Postby minnbills » Thu Feb 08, 2018 4:36 pm

LST gets its date from the law schools and from the ABA required disclosures (which come from the law school).

Law schools often play games with their employment numbers. The most common tactic is that many will hire unemployed grads for a few months so that they can represent a lower unemployment rate when the reporting period comes around.

As a UMN law grad, I will just say that many grads from Mitchell/UST don't get good employment outcomes. Whereas most people coming out of UMN get something. A LOT of people I know from UMN who struggled to find jobs ended up doing state court clerkships and are now moving into small firms around the twin cities. They are looking at salaries around 50-60k two years out from graduation. If you go to the U, work hard and apply broadly, that is your worst-case scenario. The people I know who did worse are the ones who never took school or the job search seriously.

My section of 40 students at UMN basically breaks down like this:

6 did federal clerkships (which is unusually high for a section at the U). 2 went COA, 4 to D.Ct., and I did a bankruptcy clerkship. All 6 are now moving into law firm jobs, ranging from midlaw in MN to SullCrom in NYC.

about 5-6 went right to biglaw, with Skadden at the high end and regional firms in MN at the low end.

the next 20 or so did a mix of state court clerkships, state government, and small firm jobs.

The remainder dropped out of school before graduation, out of law post-graduation. I think a couple are still doing doc review.

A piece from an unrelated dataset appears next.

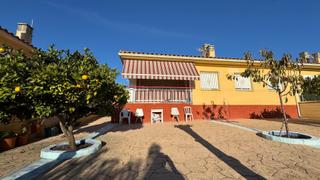 Maison jumelée à Riera de Gaià (La). ?? acogedora vivienda en una sola planta en la riera de gaià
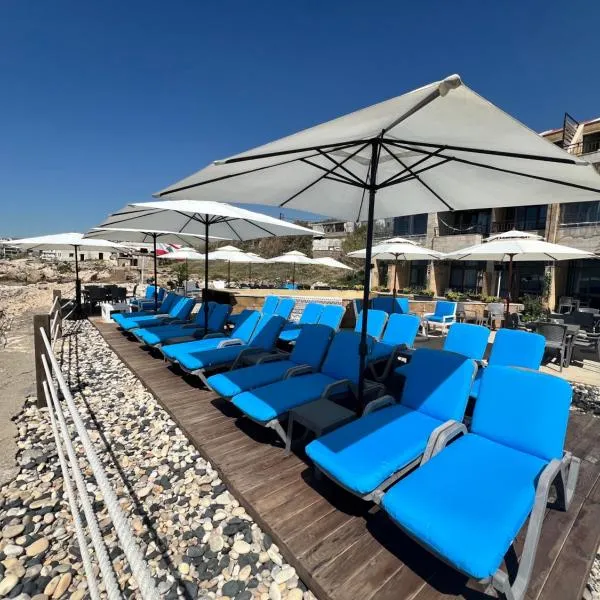 Golden Stone Beach，位于Halat Byblos的酒店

The situation for Mitchell/UST grads is quite different. There are grads from these schools who are bright, did everything right, and still couldn't find a legal job. I don't know for sure what the situation is, but I'm guessing there are 2-3 federal clerks who come out of the whole class, and maybe 5-10 who get jobs with larger firms. On the other hand, if you have a full ride and play your cards right you can eliminate student debt risk, so you are only looking at opportunity cost.